[Work request]: From the first line to the last, please reproduce the material exactly, skipping the pictures.

[Data segment]:
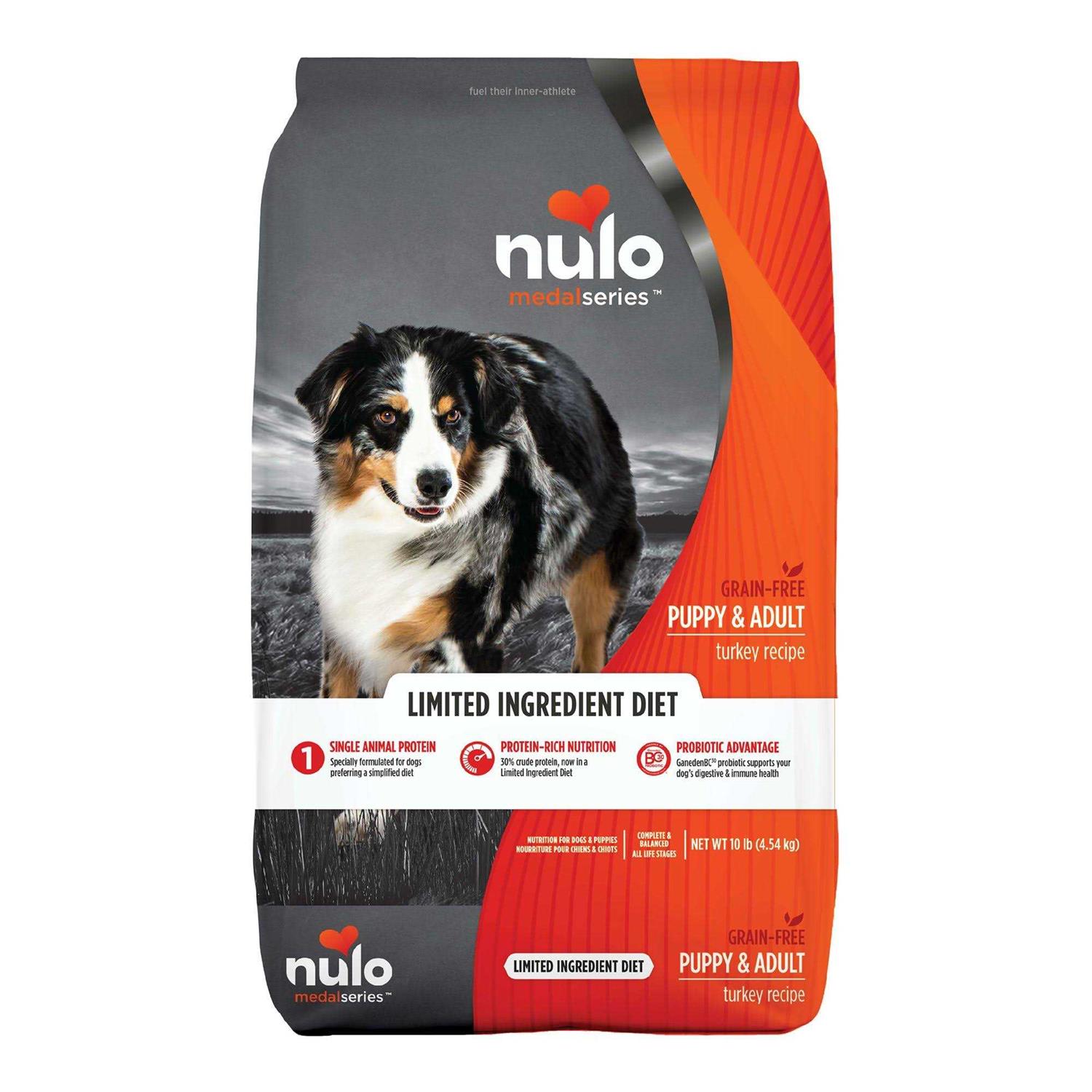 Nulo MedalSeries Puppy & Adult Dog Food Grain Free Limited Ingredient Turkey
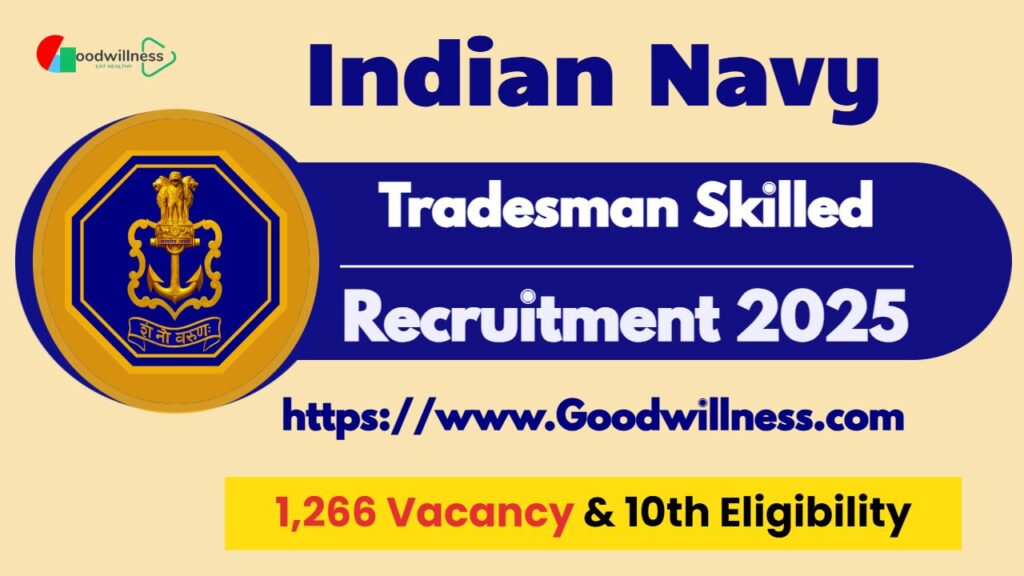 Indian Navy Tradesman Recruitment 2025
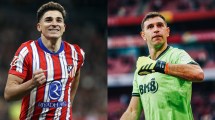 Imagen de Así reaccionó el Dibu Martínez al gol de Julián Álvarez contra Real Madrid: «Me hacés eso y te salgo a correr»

[Reply to the exercise]:
 Nulo MedalSeries Puppy & Adult Dog Food Grain Free Limited Ingredient Turkey
 Indian Navy Tradesman Recruitment 2025
 Imagen de Así reaccionó el Dibu Martínez al gol de Julián Álvarez contra Real Madrid: «Me hacés eso y te salgo a correr»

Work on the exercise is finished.